** WHAT YOU HAVE TO DO **
Exact copies of all the lines below are wanted, without a single picture.

** DATASET SECTION **
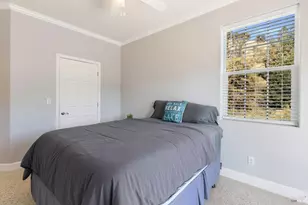 11115 Lakeshore Dr, Clearlake, CA 95424 - Photo 51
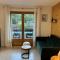 Apartment Residence des Neiges by Interhome - 莫里永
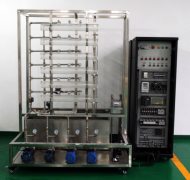 ��I(y��)����׃�l�㉺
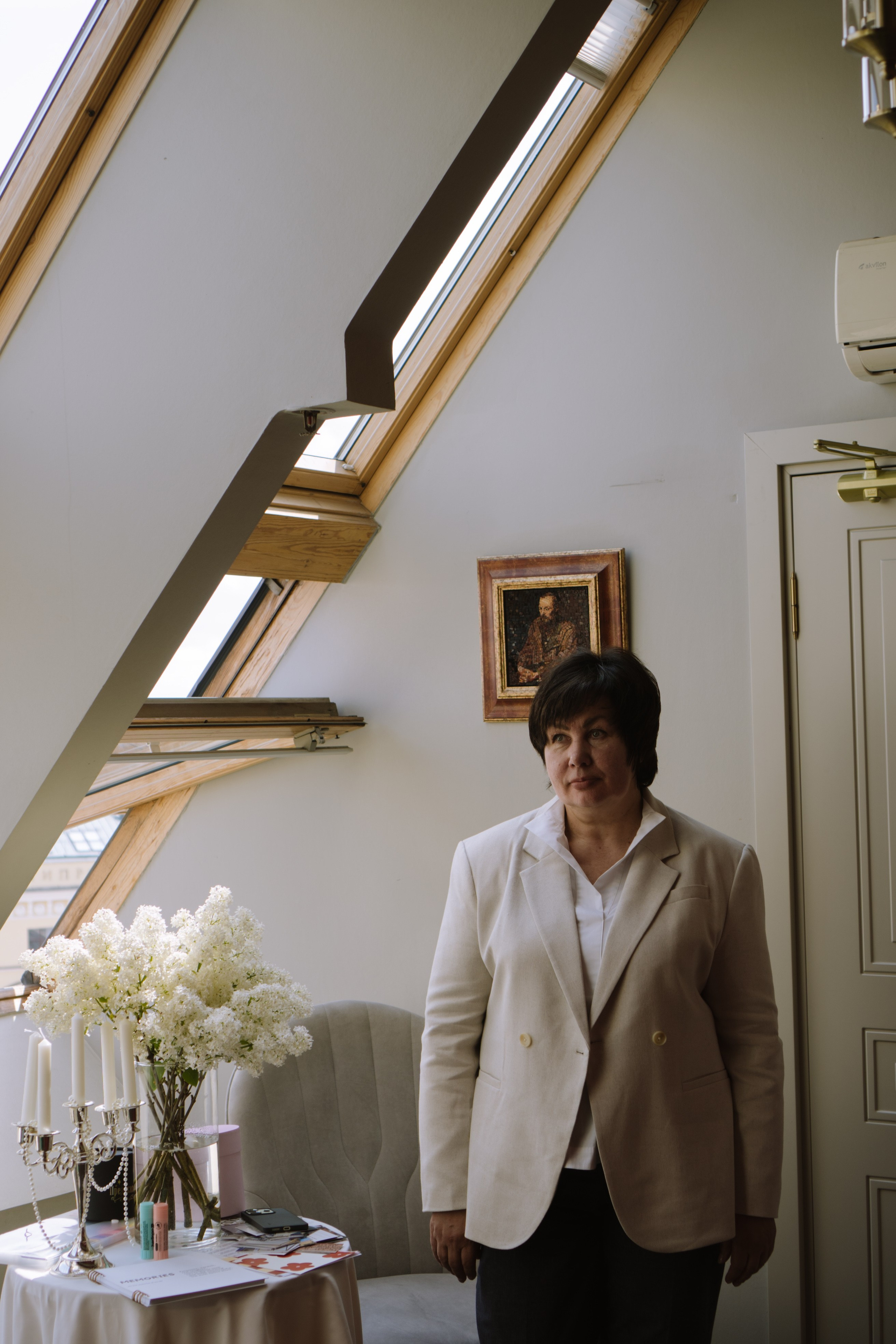 СВАДЕБНЫЙ БАНКЕТ НА ВЛАДИМИРСКОЙ В САНКТ-ПЕТЕРБУРГЕ (КАМЕРНАЯ СВАДЬБА). Профессиональный фотограф, Санкт-Петербург — Виктория Богомолова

** WRITTEN SOLUTION **
 11115 Lakeshore Dr, Clearlake, CA 95424 - Photo 51
 Apartment Residence des Neiges by Interhome - 莫里永
 ��I(y��)����׃�l�㉺
 СВАДЕБНЫЙ БАНКЕТ НА ВЛАДИМИРСКОЙ В САНКТ-ПЕТЕРБУРГЕ (КАМЕРНАЯ СВАДЬБА). Профессиональный фотограф, Санкт-Петербург — Виктория Богомолова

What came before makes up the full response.